Annual Performance Assessment
The Board conducts a self-assessment of its performance and effectiveness as well as that of its committees on an annual basis. The self-assessment helps the Governance Committee to track progress in certain areas targeted for improvement from year-to-year and to identify ways to enhance the Board’s and its committees’ effectiveness. For 2018, each director completed a written questionnaire. The questions were open-ended to solicit candid feedback. The collective ratings and comments are compiled and summarized and the Lead Director leads a discussion with the Governance Committee and the full Board.
 
 
 
 
 
Robust Onboarding and Continuing Education
New directors are provided a robust orientation about the Corporation, including our business operations, strategy and governance. New directors have one-on-one sessions with the CEO, other directors and other members of senior management. Members of our senior management regularly review with the Board the operating plan of each of our business segments and the Corporation as a whole. The Board also conducts periodic site visits to our facilities as part of its regularly scheduled Board meetings and directors are encouraged to visit sites on an ad hoc basis and meet one-on-one with members of senior management and other employees. Directors are encouraged to attend outside director continuing education programs sponsored by educational and other institutions to assist them in staying abreast of developments in corporate governance and critical issues relating to the operation of public company boards.
 
Our Tenure Guidelines
Mandatory Retirement Age
A director must retire at the annual meeting following his or her 75th birthday.
Term Limits
We do not have term limits for directors as we believe implementing term limitations may prevent the Board from taking advantage of insight that longer tenure brings.
Employment Change
Directors should expect to resign upon any significant change in principal employment or responsibilities.
Failed Election
Directors must offer to resign as a result of a failed stockholder vote.

www.lockheedmartin.com
2019 Proxy Statement
15


Corporate Governance
Lockheed Martin believes good governance is integral to achieving long-term stockholder value. The Board’s primary role is to oversee management and represent the interests of stockholders. Directors are expected to attend Board meetings, the meetings of the committees on which they serve and the annual meeting of stockholders. The Board and its committees regularly schedule and hold executive sessions without any members of management present. Between meetings, directors interact with the Chairman, President and Chief Executive Officer (CEO), the Lead Director and other members of management and are available to provide advice and counsel to management.
Board Structure
Positions of Chairman and CEO
The Board believes that it must be independent and must provide strong and effective oversight. The Board also believes that the independent Board members should have the flexibility to respond to changing circumstances and choose the model that best fits the then-current situation. As a result, the roles of Chairman and CEO have been split from time to time to facilitate leadership transitions, while at other times the roles have been combined. The Board believes that, at the present time, the Corporation is best served by allocating governance responsibilities between a combined Chairman and CEO and an independent Lead Director with robust responsibilities.
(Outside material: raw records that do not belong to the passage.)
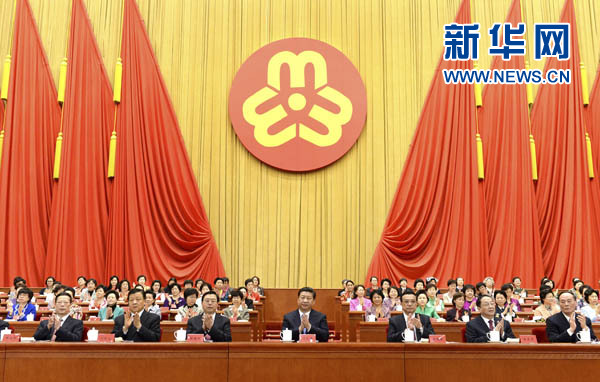 習(xí)近平、李克強、張德江、俞正聲、劉云山、王岐山、張高麗等在主席臺就座，祝賀大會召開。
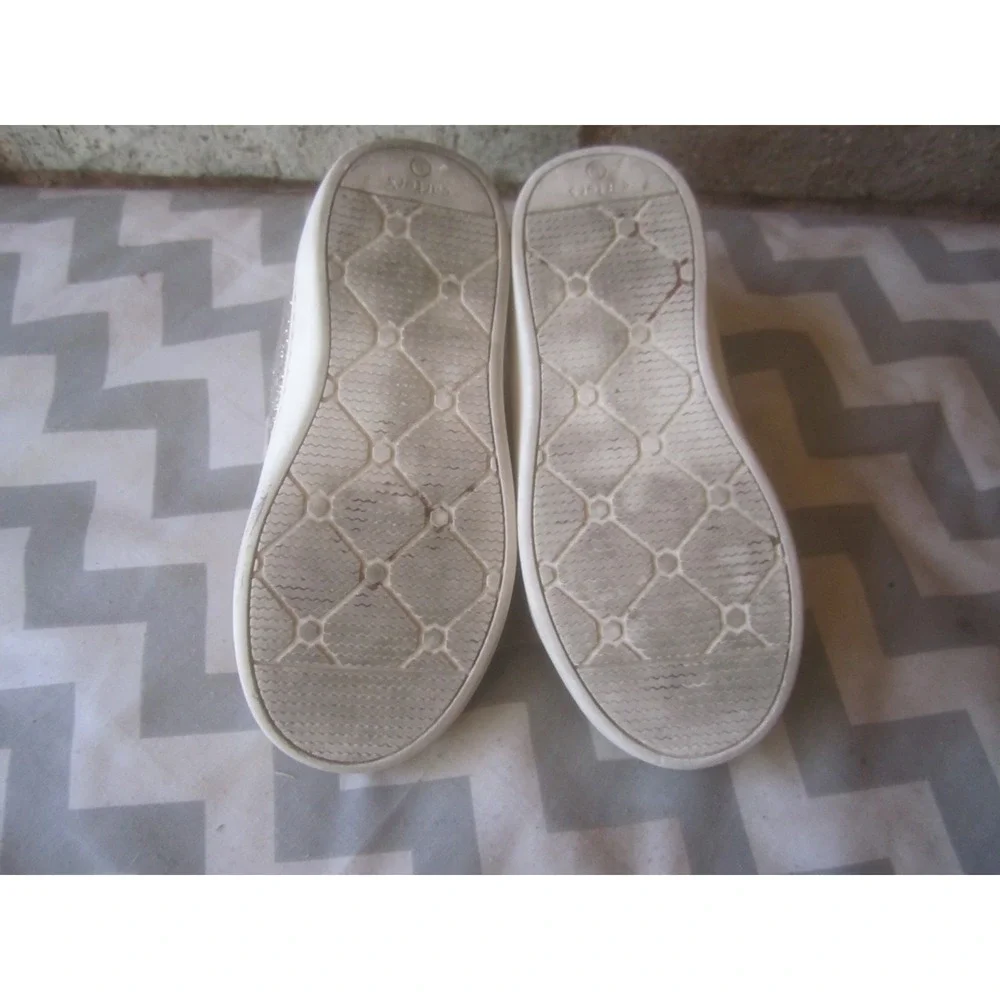 Carter's Shoes Girls 9M Sparkling Hook and Loop Lace Up Perrie Sneakers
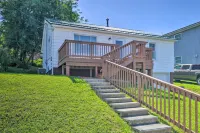 Morgantown Home w/ Patio: Near Wvu Football!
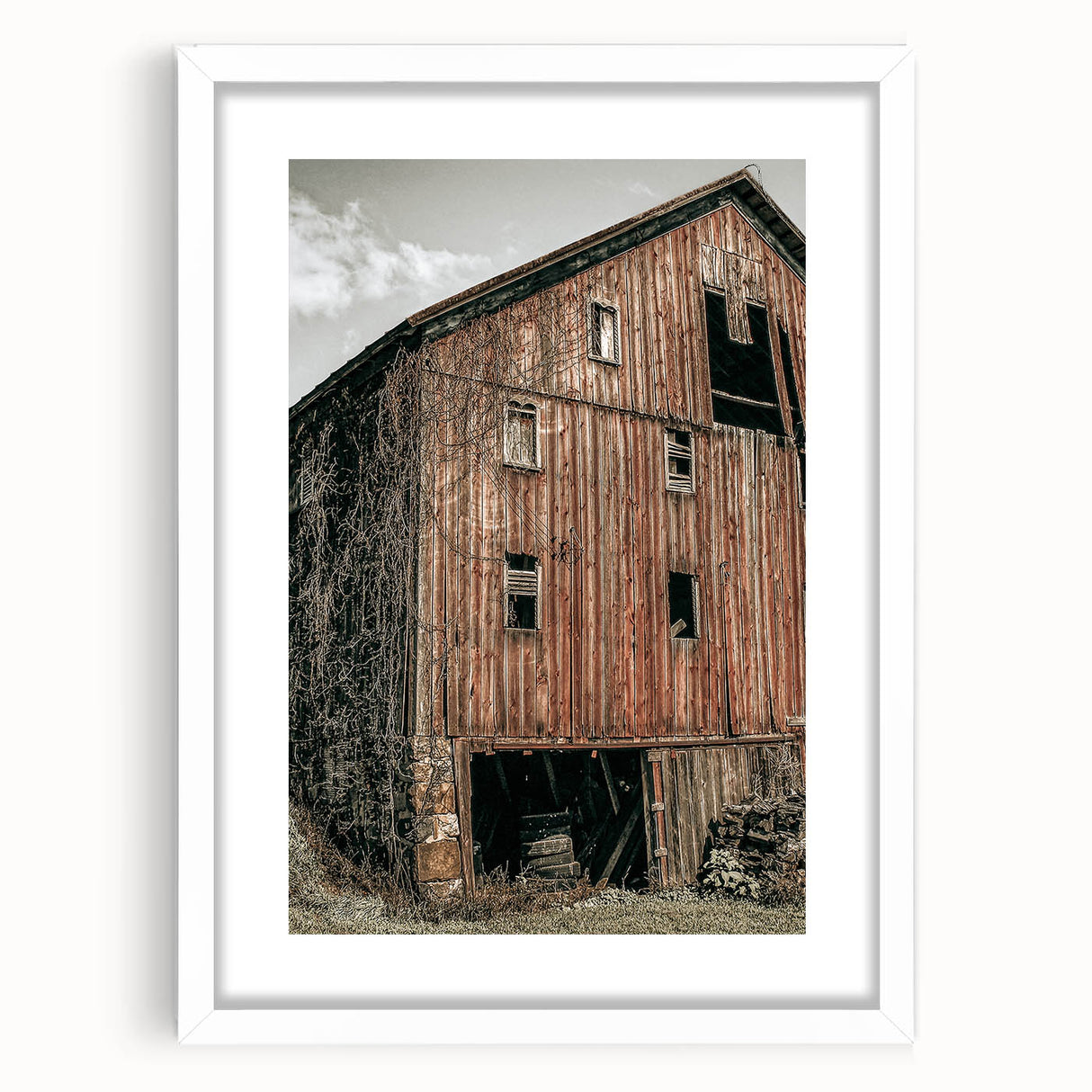 Vintage Farmhouse Wall Art - Rustic Weathered Barn with Wood Accents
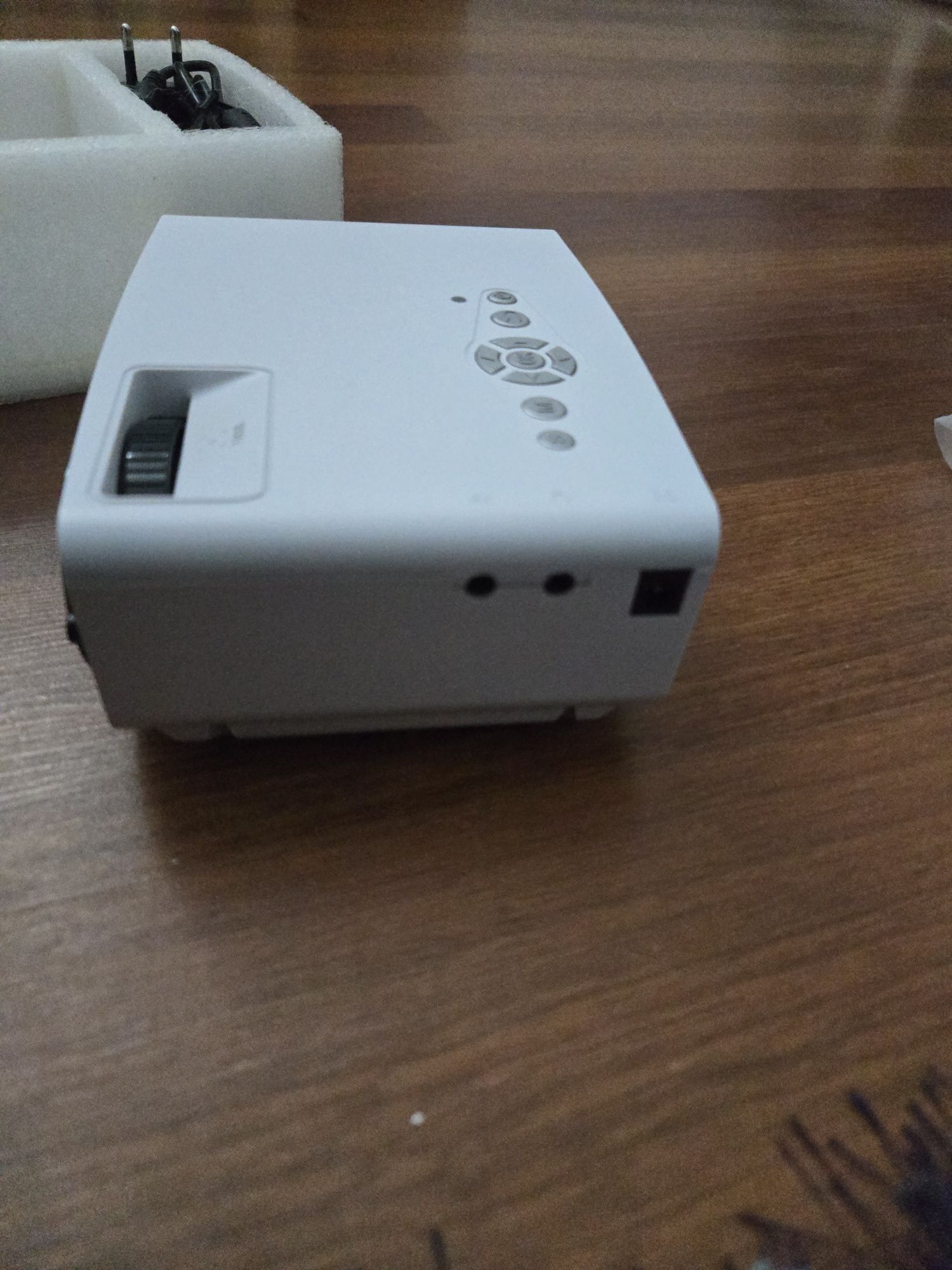Mini projetor led (novo)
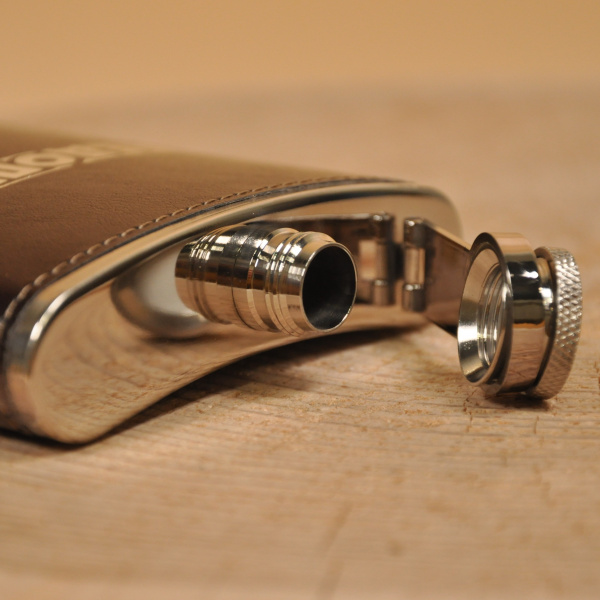 Фляжка «СЛЕДОПЫТ - Browny » в кож. оплете, 180 мл, цв. корич (Следопыт)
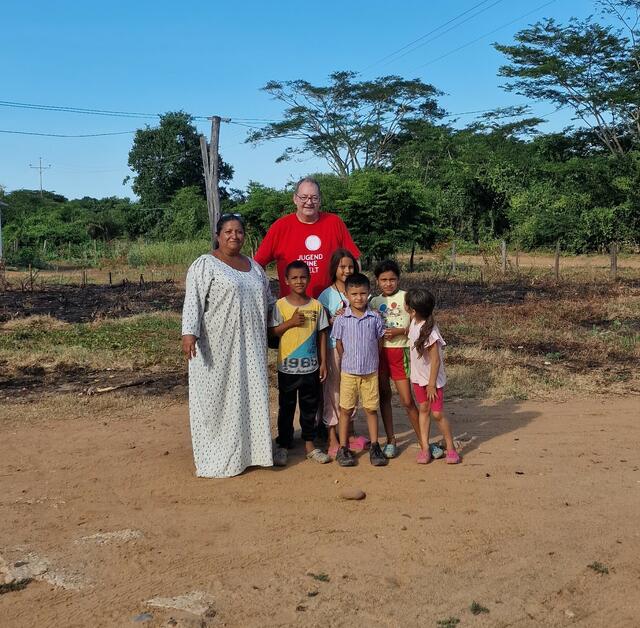 Ein Besuch bei dem indigenen Volk Wayuu in Venezuela zeigt: Es bleibt nicht nur bei der Nothilfe, auch viele Freundschaften entstehen durch die Arbeit des Voitsbergers.  | Foto: Jugend Eine Welt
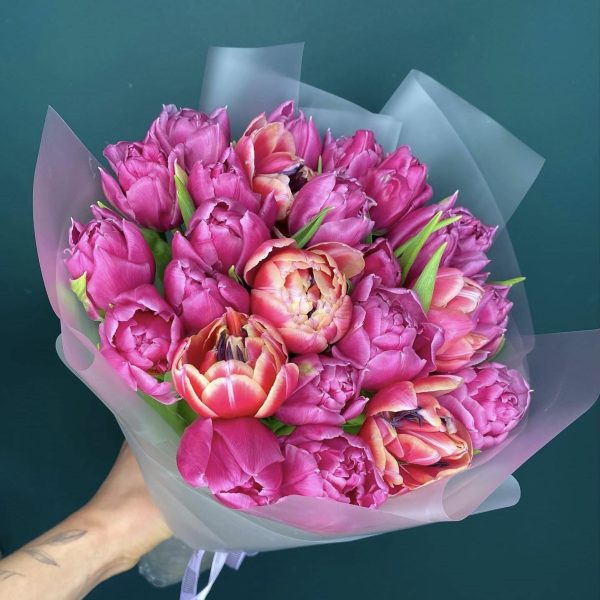 Букет из 15 розовых тюльпанов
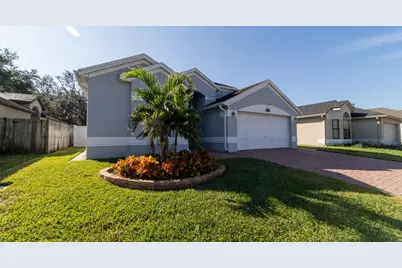 1352 Woodfield Oaks Drive, Apopka, FL 32703 - Photo 1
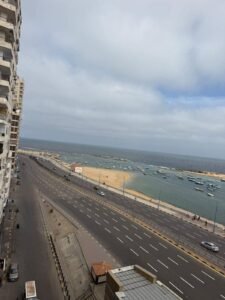 استعدادًا لصيف 2026.. محافظة الإسكندرية تنتهي من أعمال التخطيط الأرضي بطريق الكورنيش وإشارات عبور المشاة 3 استعدادًا لصيف 2026.. محافظة الإسكندرية تنتهي من أعمال التخطيط الأرضي بطريق الكورنيش وإشارات عبور المشاة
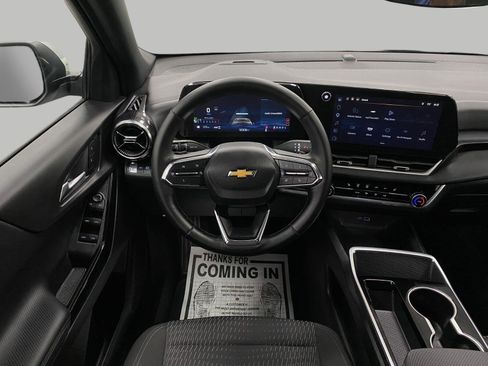 Used 2025 Chevrolet Equinox LT AWD/4WD image 13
This structure allows the Corporation to present a single face to our customers through the combined Chairman and CEO position while at the same time providing an active role and voice for the independent directors through the Lead Director.
In connection with the retirement of the current Lead Director at the Annual Meeting, the Governance Committee reviewed the current leadership structure and determined that it continues to provide effective independent oversight and meet the needs of the Corporation. The independent directors will continue to review the leadership structure on an ongoing basis to effectively oversee risk management and ensure that it continues to meet the needs of the Corporation and support the generation of stockholder value over the long-term.
Independent Lead Director
In accordance with our Bylaws and Governance Guidelines, the independent members of the Board annually elect one of the independent directors to serve as the Lead Director by the affirmative vote of a majority of the directors who have been determined to be “independent” for purposes of the New York Stock Exchange (NYSE) listing standards. The Board has structured the role of the Lead Director with sufficient authority to serve as a counter-balance to management. The responsibilities specified in our Bylaws for the Lead Director are to:
preside as chair at Board meetings while in executive sessions of the non-management members of the Board or executive sessions of the independent directors or if the Chairman is not present;
determine the frequency and timing of executive sessions of non-management directors and report to the Chairman on all relevant matters arising from those sessions;
consult with the Chairman and committee chairs regarding the topics for and schedules of the meetings of the Board and committees and approve the topics for and schedules of Board meetings;
review and approve all Board and committee agendas and provide input to management on the scope and quality of information sent to the Board;
assist with recruitment of director candidates and, along with the Chairman, extend invitations to potential directors to join the Board;
act as liaison between the Board and management and among the directors and the committees of the Board;
serve as a member of the Executive Committee of the Board;
serve as an ex-officio member of each committee if not otherwise a member of the committee;
serve as the point of contact for stockholders and others to communicate with the Board;
recommend to the Board and committees the retention of advisors and consultants who report directly to the Board;
call a special meeting of the Board or of the independent directors at any time, at any place and for any purpose; and
perform all other duties as may be assigned by the Board from time to time.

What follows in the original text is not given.